La suite, vous la connaissez ; elle fut narrée dans notre bulletin il y a 3 ans à l'occasion de la mort de Constance, esseulée, abandonnée dans sa plantation du Baconnois.
Une question se pose, comment notre Marquis serait-il jugé aujourd'hui ? Serait-il taxé de racisme, de ségrégationnisme, de colonialisme, d'esclavagisme ?
De racisme ? Il en montra sans doute, mais d'une façon très limitée et dans son milieu envers quelques familles, parfois apparentées, de Paris ou de Nantes qui cachaient, plutôt mal que bien, leur sang-mêlé. "L'Espagnol est passé par là" disait-on.

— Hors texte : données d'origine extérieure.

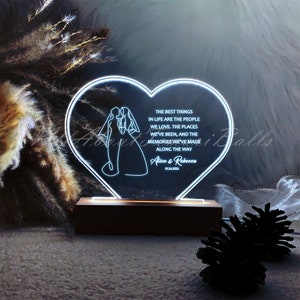 Night Light For Lesbian Wedding, Custom LGBT Sihouette Desk Lamp, Bedroom Acrylic Plaque Light, Gift For Her image 6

Esclavagiste ? Il ne le fut pas. Il accepta sans rechigner le décret d'abolition du 4 février 94. Il affranchit ses ouvriers venus du Baconnois pour le rejoindre ; il s'en fit des amis et des compagnons d'armes et vécut avec eux, sa femme et son fils, une vie de partisan dans le maquis Haïtien.
Colonialiste ? Nous pensons que notre aïeul, plutôt que la gloire de la France, chercha surtout à sauver ce qui pouvait l'être du patrimoine familial. Il voulut gagner du temps, attendre le retour de la paix, certain qu'il était qu'un statu quo s'installerait enfin entre noirs et blancs. Il louvoya entre les partis et dressa les uns contre les autres. Sans doute est-ce parce qu'il venait d'une famille de marins de la Royale que les Anglais, à qui il vouait une haine héréditaire, échouèrent dans leur conquête de Saint-Domingue après y avoir perdu 20 000 hommes.
A-M.B.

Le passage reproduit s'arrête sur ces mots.